According to Elmore Thompson, her photography business is best described as a wedding, lifestyle and branding photographer, while also focusing on empowerment photography, events and offering a mobile photo booth. Her favorite services are capturing photos for branding and weddings.

“You’re really capturing a moment in somebody’s journey, like getting married, or if it’s them opening their new business. That’s something that’s really important to me,” she said. 

Opening her studios in Savannah and in Perry were big moments in the Middle Georgia native’s career along with being featured in Country Living Magazine for both her Savannah and Perry studios.

“The creative community wasn’t very big here, so that’s why I kind of sought out Savannah,” she said. “But then once I came back here, seeing the thriving community, I would say, probably being a part of that, capturing not just one year’s worth of work, but 10 years worth of work within our own community, is really cool.” 

She also mentioned the difficulty in full-time photography and is very grateful that she does this for a living. 

“I don’t think people understand how much time it takes to be a photographer. If I have to drive an hour to a shoot, I’m on location maybe for three hours, drive an hour home, and that’s already five hours, but it might take me anywhere from 10 to 20 hours just to edit that one session. I don’t know if people understand that aspect,” she said. 

On the business side, Elmore Thompson said you basically run everything in your photography business. From the marketing and HR department, payroll and finances, she does it all. She has also battled medical challenges for most of her life and has worked hard to overcome them. She said that has only made her stronger.
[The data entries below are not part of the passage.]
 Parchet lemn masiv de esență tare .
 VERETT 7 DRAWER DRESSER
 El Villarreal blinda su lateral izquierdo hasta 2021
“It’s a really hard thing to do, but I’m so grateful that I get to do it, because I know so many people right now that are photographers that are really struggling,” she said. 

In the photography business, Elmore Thompson said it is really important, from the beginning, to connect with your client on a one-on-one level. 

“I’m very big on helping direct scenes. People always say I have such a keen eye for detail. I’m always going in for those little details,” she said. “I do like the aspect of just spontaneity and maybe just making authentic moments.”

She advised those who want to pursue a career in photography to have faith and avoid discouragement. 

“I think it’s so easy to get so discouraged because we’re kind of like a saturated industry. That’s kind of what people in my industry call it,” she said. “I do feel like if you have the faith in yourself to build those connections and also just to find what it is that you’re really good at.”

A few projects Elmore Thompson is looking forward to include a wedding in Rome, Italy, in 2026, as well as taking her talents to Austin, Texas this year. She said she is also looking to get into the education realm to help small businesses in the form of a podcast. She will also be hosting her first photography workshop in Jackson Hole, Wyoming, this fall.

“My goal in the future is to create an online membership community where I can also teach them the business aspect of running a photography business because a lot of people are creative,” she said. “When it comes to running a business, you really have to have that [business] mindset to be profitable and also have long term growth.”

She said her purpose is to leave more good in the world than what she takes when she leaves.